The draft scheme of arrangement proposed by the Government that seeks to merge the National Spot Exchange Limited (NSEL) with Financial Technologies India Limited (FTIL) has been criticised on the ground that it is unfair to the minority shareholders of the latter company. At stake is roughly ₹5,000 crore owed to counterparties on trades executed at NSEL. A merger would thus potentially cast a financial burden on the resources of FTIL.

As the argument goes, if anybody is to be held accountable for the mess that NSEL had landed itself in, it could at best be promoters of FTIL (primarily Jignesh Shah) and not the company per se . The second argument is that NSEL is a company, which means that those who have claims against the company stand or fall by the assets of NSEL. The shareholders of NSEL are obliged to pay no more than the unpaid amounts, if any, on the shares that they have subscribed to.

In the instant case, they have paid up all that was due on the shares that they have subscribed to. Hence, no more claims can be made against them. Even if FTIL promoters had acted in a fraudulent manner they are liable for criminal prosecution and penalty in their personal capacity but otherwise, no sums can be charged against the resources of FTIL, a company which is an independent and juristic entity in its own right.

On the face of it, they appear to be fair and equitable.

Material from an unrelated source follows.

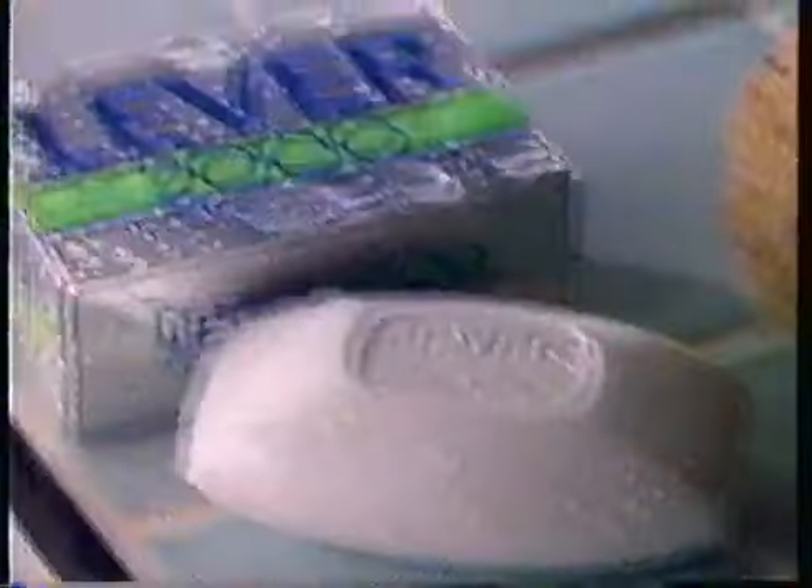Presenting some more of the 2000 body parts you can clean with Lever 2000, the deodorant soap that's better for your skin.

Yet, a more nuanced understanding of the situation would reveal that this is at best a simplistic view.

Public interest

The relevant provisions of the company law only require that while framing a ‘scheme of arrangement’ the Government act in the larger public interest. Now, the concept of ‘public interest’ is not defined in the Companies Act. For that matter, it is not defined in any other statute. So we have to go by what has been understood by that expression in a very general sense.

Civil servants have often had to grapple with this in matters of administration. They would broadly use it to mean ‘any act’ which an official would undertake if he/she thought clearly, acted rationally and with complete disinterest, and the outcome of which would be beneficial to the general public or at least sections of it.

So the question that should be posed is this: Is the merger of FTIL and NSEL a fit case of public interest — a requirement under the company law?

The Government would be entitled to argue and with merit, let it be said, that the successful evolution of spot trading in commodities through exchanges set up for this purpose as an alternative to corrupt and inefficient state-regulated market yards is a beneficial outcome. The process of natural evolution of a parallel, electronically-operated market placed for spot trading in commodities is thus in the ‘public interest’.

A setback

As a corollary, the failure of NSEL would be seen as a setback to this development. It is evident that if people who traded in NSEL did not get their dues settled to their satisfaction, they would see it as a failure of efforts at finding better alternatives. Moreover, most new initiatives in the economy acquire the traction that they achieve only because of the reputational values of those behind it. While no doubt Jignesh Shah was identified with the venture, equally, people also associated FTIL as the company behind it. So allowing NSEL to fail would cause some damage in the public mind about the utility of ‘reputation’ as a criterion for backing new ventures.

This is by no means a frivolous argument. Decisions on financial investments are often based on the track record of those behind it. A Dhirubhai Ambani could consistently and successfully raise large sums of money even if the outlook for cash flows from a new project that was contemplated seemed somewhat uncertain. So, reputation matters.

Another point to remember is that in evaluating ‘public interest’, it is not necessary to judge it in terms of whether someone else could have come up with a better solution. All that is required to be satisfied is whether the rationale governing a particular decision stands the test of clarity of vision and reveals the absence of personal bias or prejudice.

That apart, the argument that it is grossly unfair to the minority shareholders of FTIL stands substantially demolished if one looks at the secondary market trading activity in the FTIL scrip.

No argument

The NSEL scam broke out in July 2013 or thereabouts. If one looks at the secondary market turnover data at the NSE, for FTIL, it is clear that these investors lifted the ‘veil’ on NSEL and saw in it the corporate persona of FTIL. How else does one explain the steady decline in the share price ever since the scam broke out?

Moreover, every day since the scam broke out, roughly 15 per cent of the shares of the company changed hands in the sense that legal ownership was altered, as that was the quantum that came up as physical delivery and hence actual settlement.

So, for every seller in the secondary market there was a willing buyer who discounted the value of the share for the scam loss and bought it at a cheaper price. So much so, the ownership character of the company has changed multiple times over in the last 15 months.

It doesn’t lie in the mouths of these secondary market investors that they didn’t know about the NSEL scam. Not only did they know about it, they sought to take advantage of it by factoring it in, in the price at which they were willing to buy.

They cannot now turn around and claim that they shouldn’t be called upon to bear the financial consequences of a forced merger between these two companies.